The simplest, most trivial of activities used to cost $10, $15, $20. And I'm not talking in a parental "when I was a boy, we had to walk to school in four feet of snow" distant memory kind of way. This was just a couple years ago. Has inflation caught up to our generation, or is it simply that everyday activities are getting marked up significantly?
Going out to eat with a date at a gourmet dining establishment like The Olive Garden will easily cost $30. Better load up on the all-you-can-eat breadsticks and salad to get your money's worth. These restaurants should not be charging $14.95 a plate for quality that's only a couple notches above fast food.
Don't feel like filling up on greasy goodies at Tchotchke's? Why not cook up a nice meal for two at home? How about pasta primavera? A dish like that should cost $12 to make, right? Try $30 after you've bought some fresh veggies, pasta, oil, cheese and other ingredients. Worried about carbs? Meat ain't cheap, either, unless it's in a can labeled Purina.
A trip to the movie theater to see the latest summer blockbuster with a significant other should cost no more than $15 -- with popcorn. But with tickets hovering around the $10 mark and a bucket of popcorn costing upwards of $7, expect to drop at least $30 to wash down that delicious butter-flavored topping. The only way to save a couple bucks is to go to the matinee weekday show (as if you could get out of work before 5 p.m.) or first weekend showing (at 9 a.m. on a Saturday. Joy.). Better yet, wait until it comes out on video, and buy some no-frills popcorn and cola at Costco.
What is up with gas prices? It used to cost around $12 to $15 to fill the gas tank of a compact car. That was way back in, oh, 2002. Now, it's at least $30. Strange how gas was cheaper when we were at war with Iraq.
If you need an oil change in a jiffy, that's not $16 anymore. Get ready to shell out another $30.
Forget to feed the parking meter? Rarely will you find a $10 or $15 ticket anymore. Try $20 - $40 for a simple parking violation.
Missed a payment on your credit card? Late fee's gonna be $29 - $35.
Feel like a big shot and want to buy a round of drinks for you and your buddies? That round of drinks for three buddies and yourself can easily cost $30. Whatever happened to $2 for a beer?
With all of these "frivolous" $30 payments, it's easy to see why twentysomethings have difficulty saving money, or worse, why their credit-card debt mounts.
Part of the problem may be a loosely created budget.

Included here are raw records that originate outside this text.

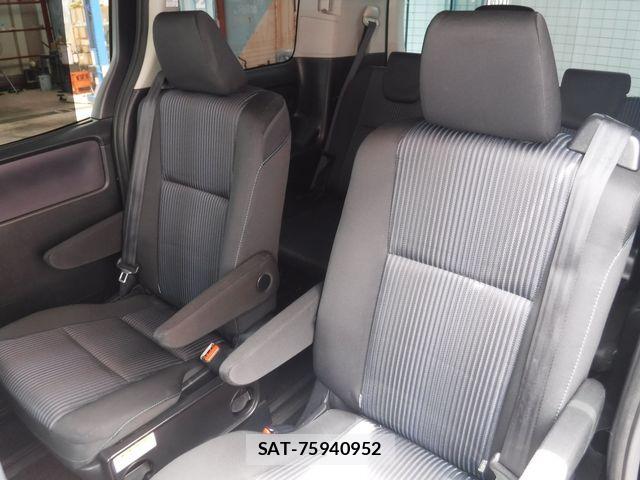 Toyota VOXY 2015-12 7331062-7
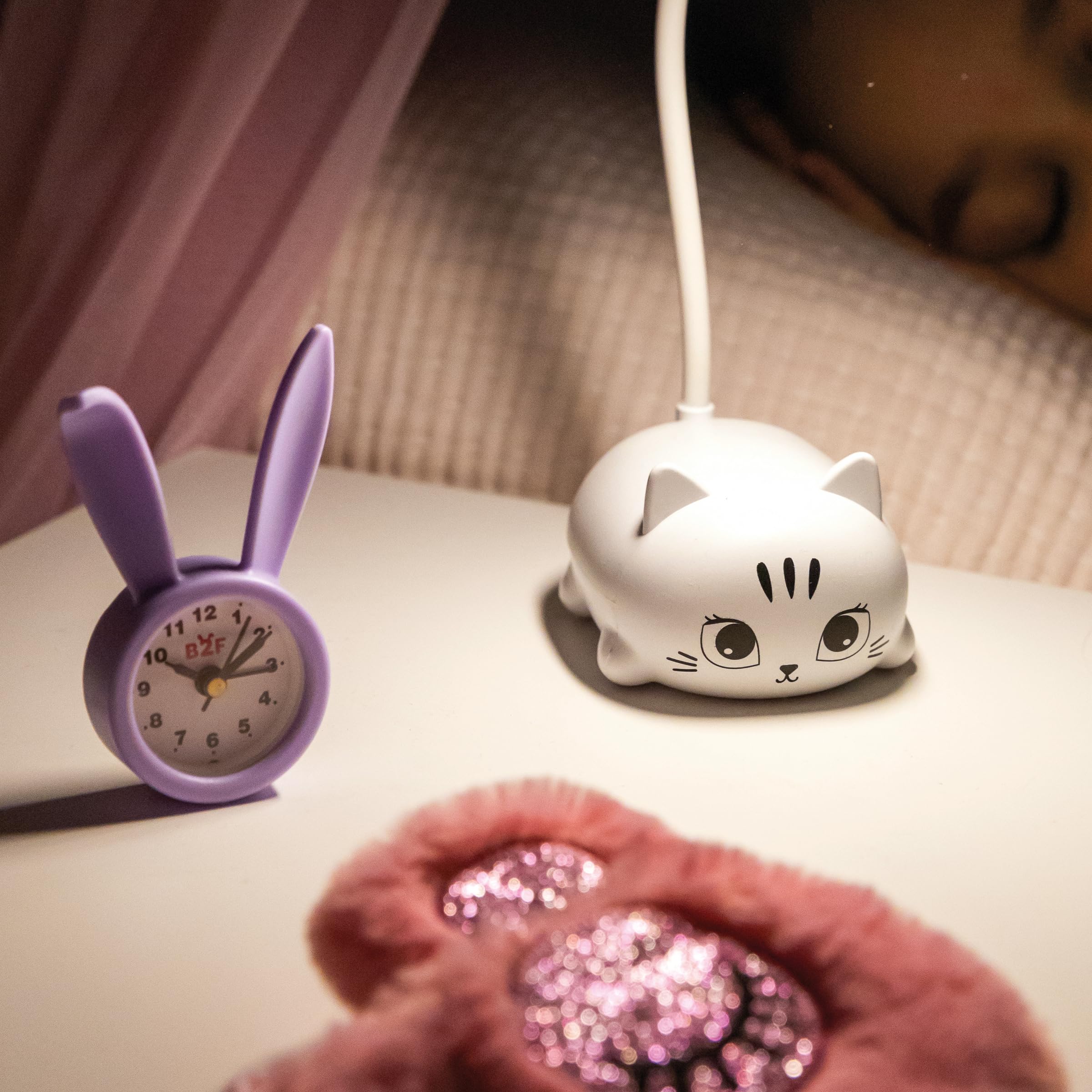 Back2Fun - Lámpara de escritorio infantil con forma de gatito, Luz LED cálida, Cuello flexible, Minilámpara portátil para niños recargable USB, Pensada como luz de noche o para estudiar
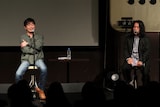 左から宮沢和史、又吉直樹(ピース)。
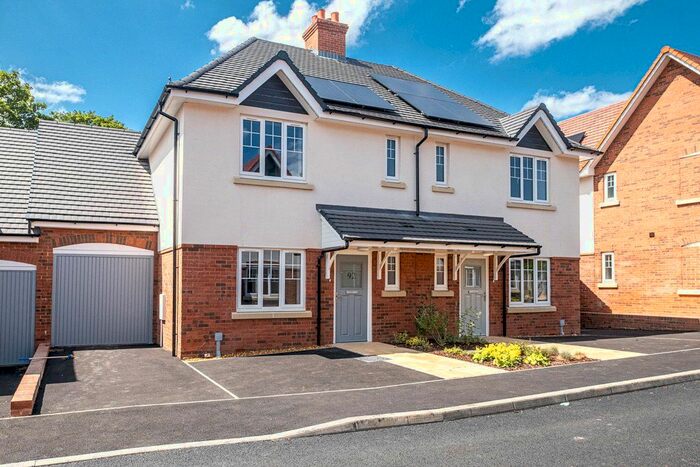 3 Bedroom Semi-Detached House To Rent In Woodleigh Avenue, Birmingham, West Midlands, B17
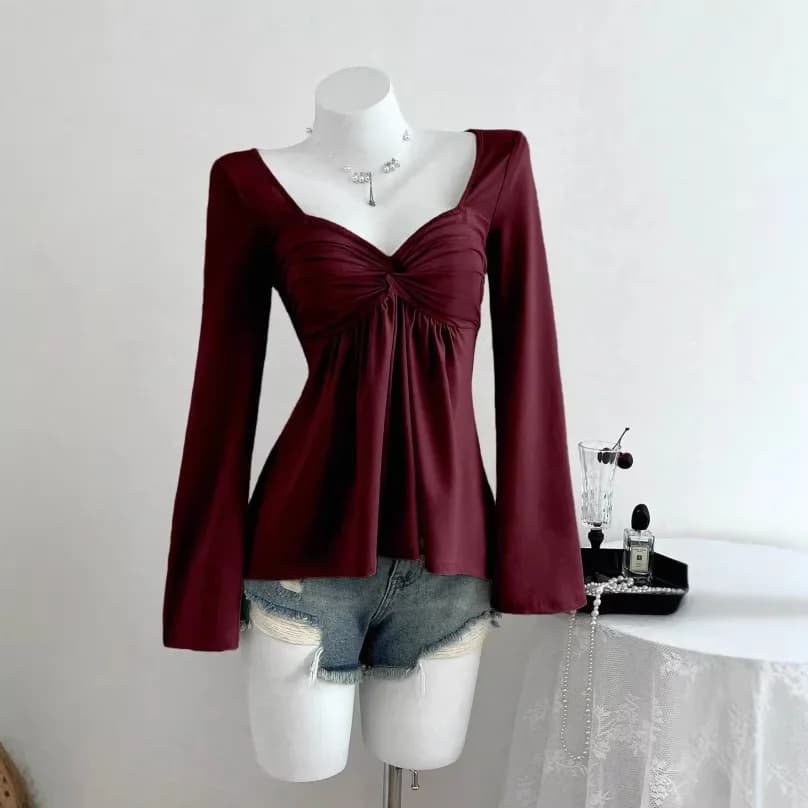 Maglia da donna alla moda, Top Primavera 2026, T-shirt sexy slim fit a maniche lunghe plissettate con scollo quadrato e dettaglio a nodo sul petto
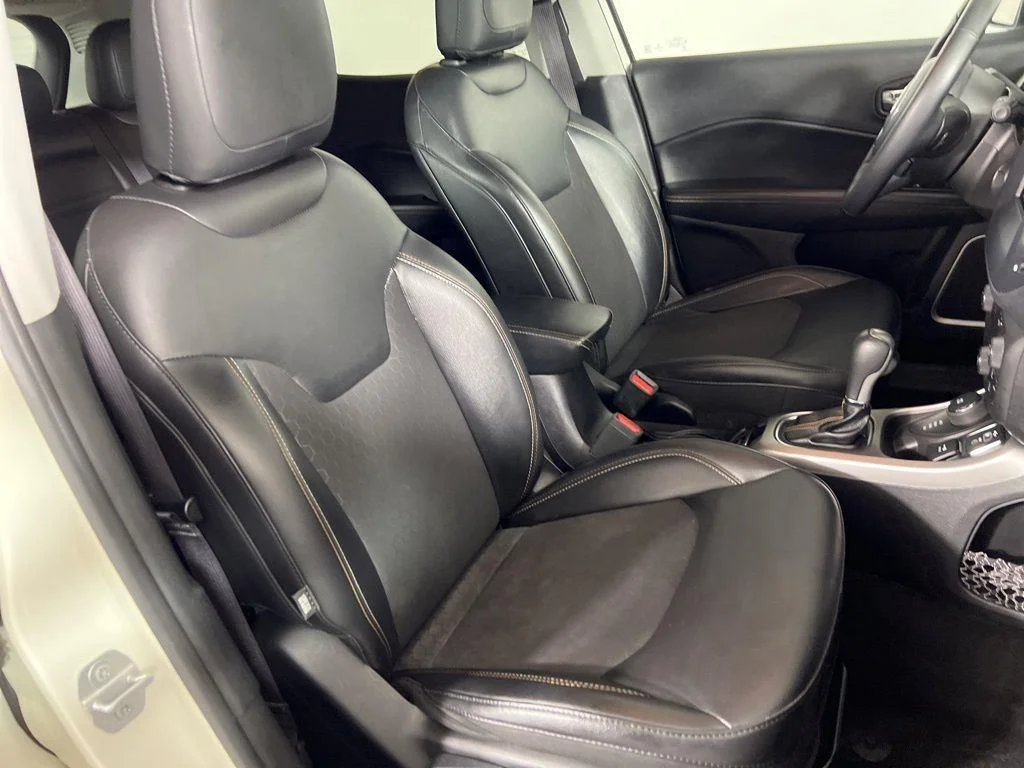Used 2019 White Clearcoat Jeep Latitude image 14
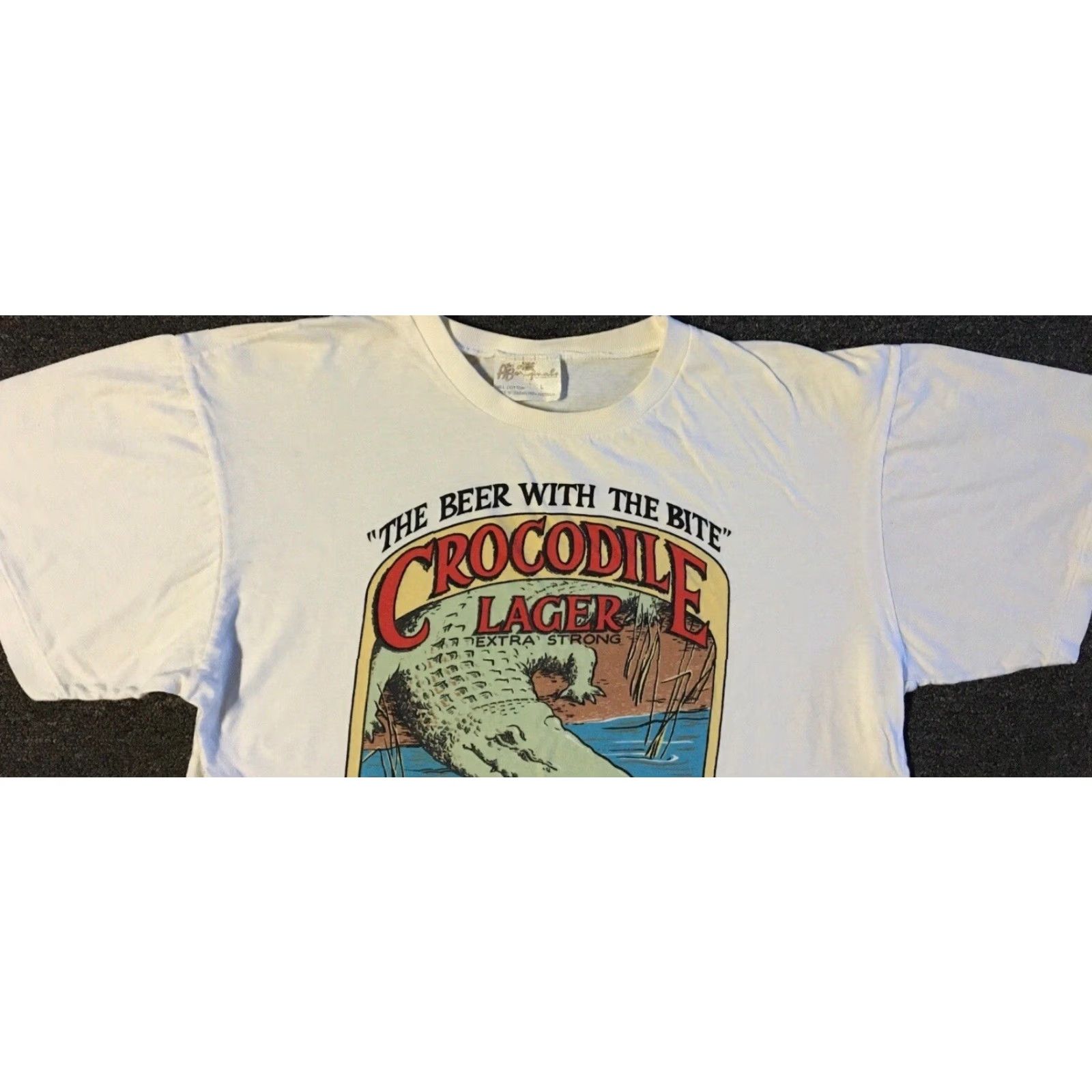 Vintage VINTAGE Crocodile Lager Shirt Men S White 80s 70s 90s Distressed Bar Grunge Australia USA Rock PIR? Size US S / EU 44-46 / 1 - 7 Thumbnail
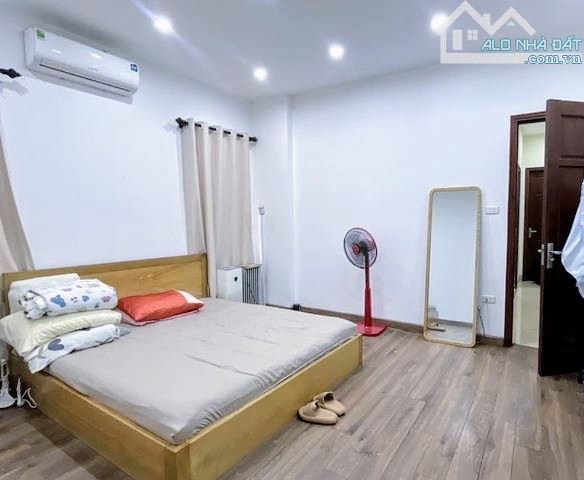 BÁN NHÀ SIÊU VIP NGỌC THỤY DT54M-5T-MT3.9M-GIÁ 11.5T - 2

Probably because it was created a couple years ago, when incidentals were cheaper. Couple that with the convenience of charging something on a credit or debit card, which makes it easy to lose track of what was purchased and how much was spent -- until the bill arrives a month later.
Add in the seeming innocence of a $30 purchase (what's $30 here and there?). And, of course, the lack of awareness of products and services costing this amount, and you've got a recipe for financial crisis. All because you wanted to impress a woman by ordering the Taste of Italy dinner.
So what to do?
1. Try to buy things with cash. A $30 purchase is much more dramatic when it leaves you with $7 in your wallet. You'll start making better decisions such as, "I can wait to see Mr. and Mrs. Smith until it comes out on DVD."
2. If you don't have cash on hand, use the debit card. Seeing a barrage of $30 hits to your bank statement will also make you take notice.
3. If you're using credit cards for all these purchases, pay them off sooner rather than later, or charge them on the card that has the lowest interest rate.
4. Get frugal. Instead of buying Lucky Charms, buy Magic Stars. Instead of The Olive Branch, eat at Ray's Pizza. And follow your grandma's lead: clip coupons.
5. Find cheap or free forms of entertainment. These include hanging on the porch with friends, going on nature walks, sneaking into movies, playing board games and having sex. (Note: Hatch does not condone illegal activities, but c'mon, $10 to see a movie, no matter how short Jessica Simpson's shorts are, is a rip-off.)